| The problem |
Images are not part of the copy; transcribe all the data exactly.

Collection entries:
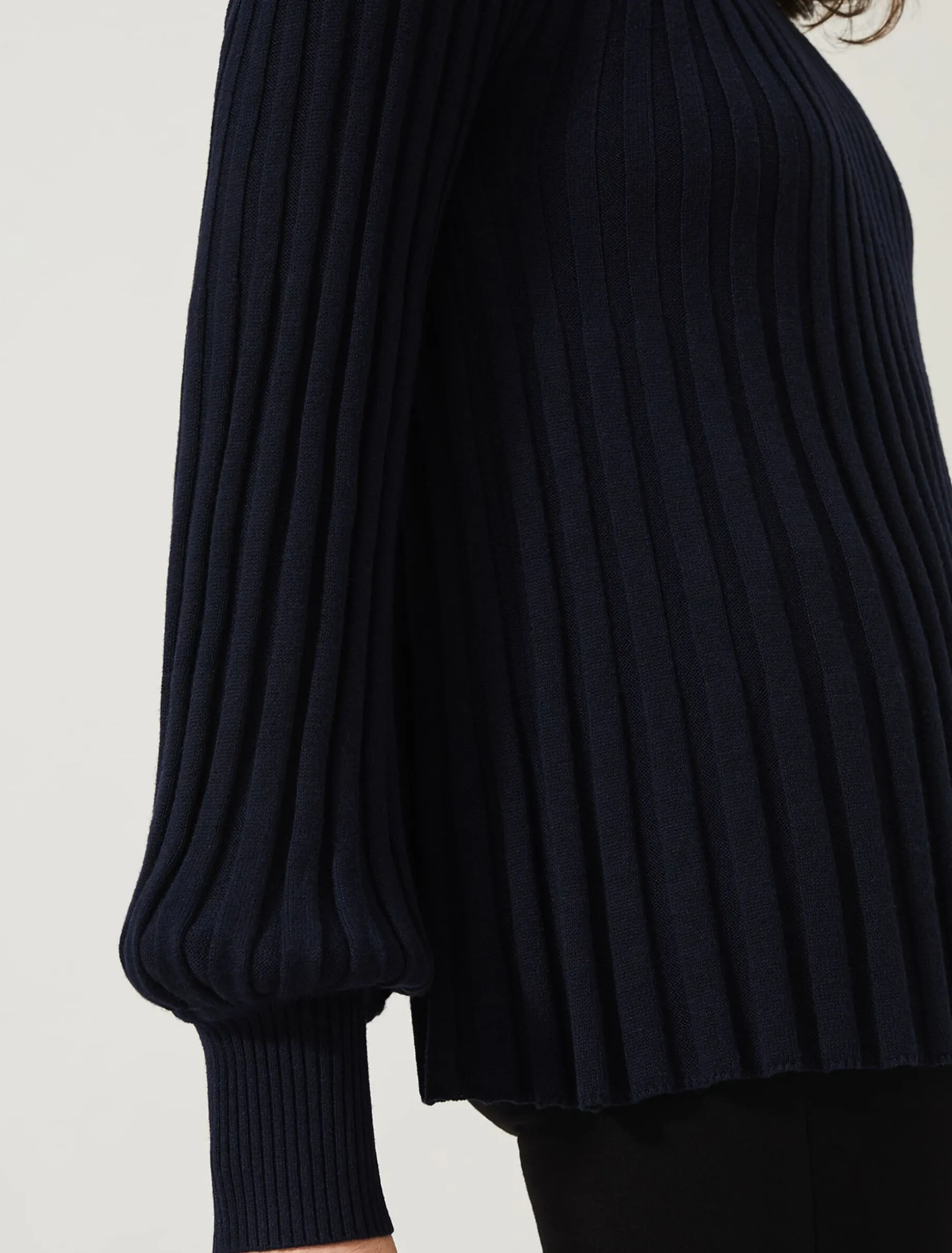 Sunray Pleat Jumper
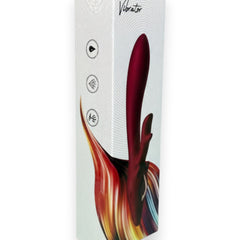Vibrador Moose Desire con 9 funciones de vibración, estimulación de punto G y clítoris, diseño elegante y potente Glow & Vibe.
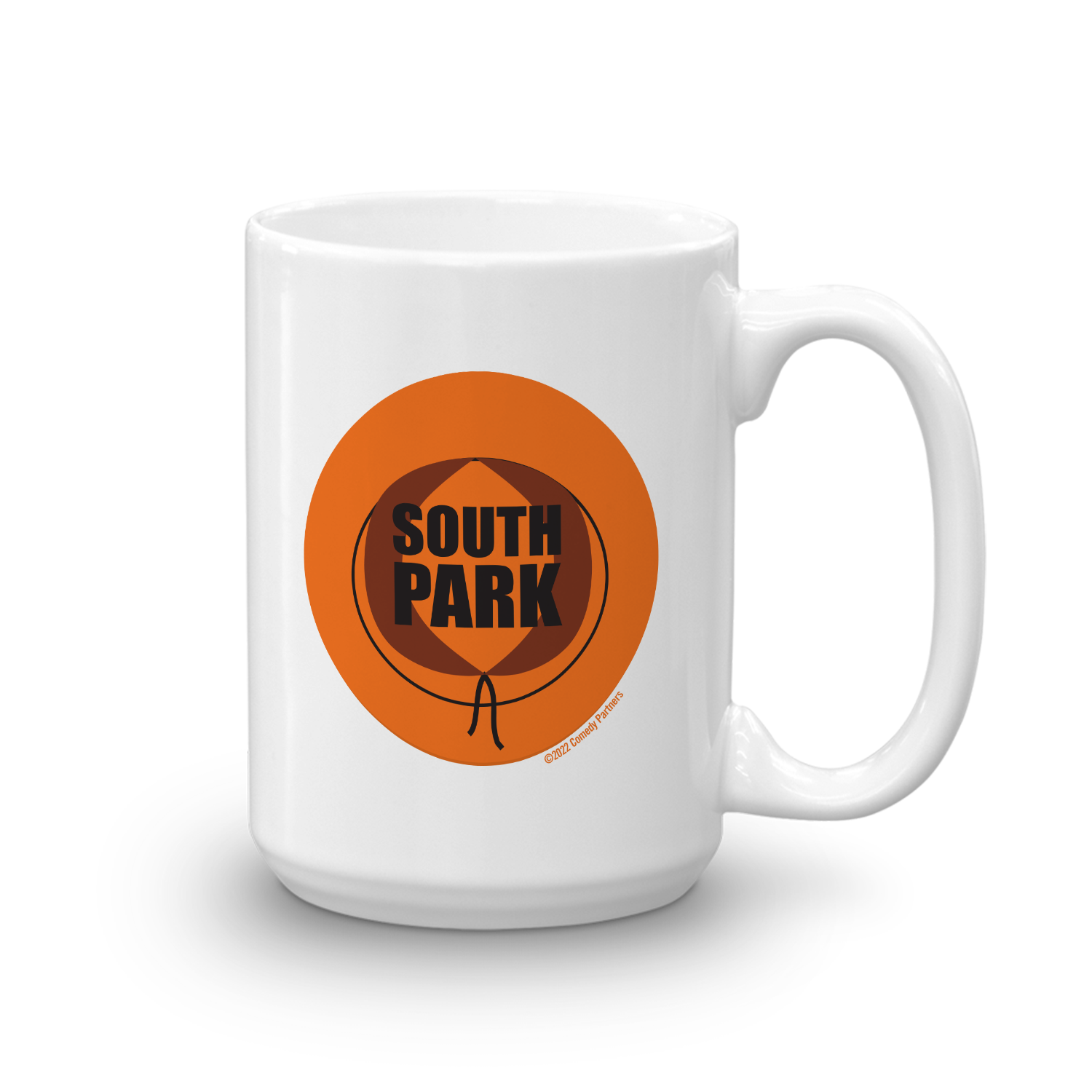 South Park Kenny Hat White Mug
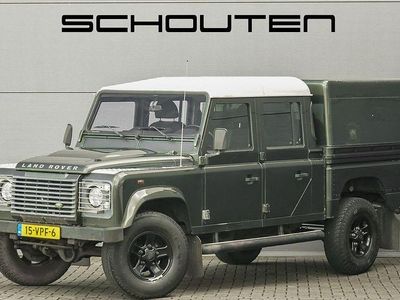 Second-hand Land Rover Defender S 122 CP (89 kW) 2008 Verde SUV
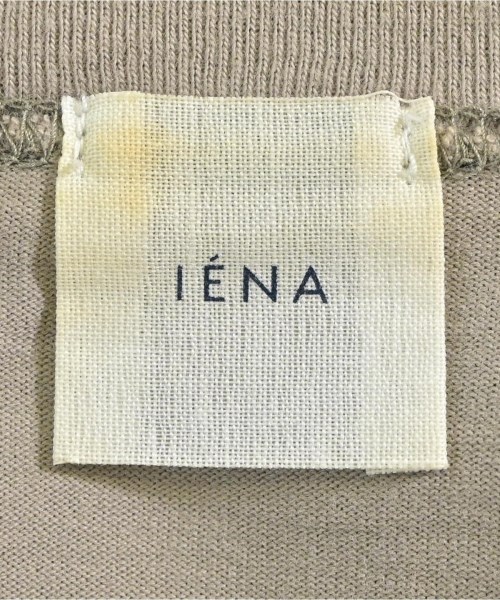 IENA（イエナ）Tシャツ・カットソー 茶 サイズ:F レディース/2200609463079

| Output for this task |
 Sunray Pleat Jumper
Vibrador Moose Desire con 9 funciones de vibración, estimulación de punto G y clítoris, diseño elegante y potente Glow & Vibe.
 South Park Kenny Hat White Mug
 Second-hand Land Rover Defender S 122 CP (89 kW) 2008 Verde SUV
 IENA（イエナ）Tシャツ・カットソー 茶 サイズ:F レディース/2200609463079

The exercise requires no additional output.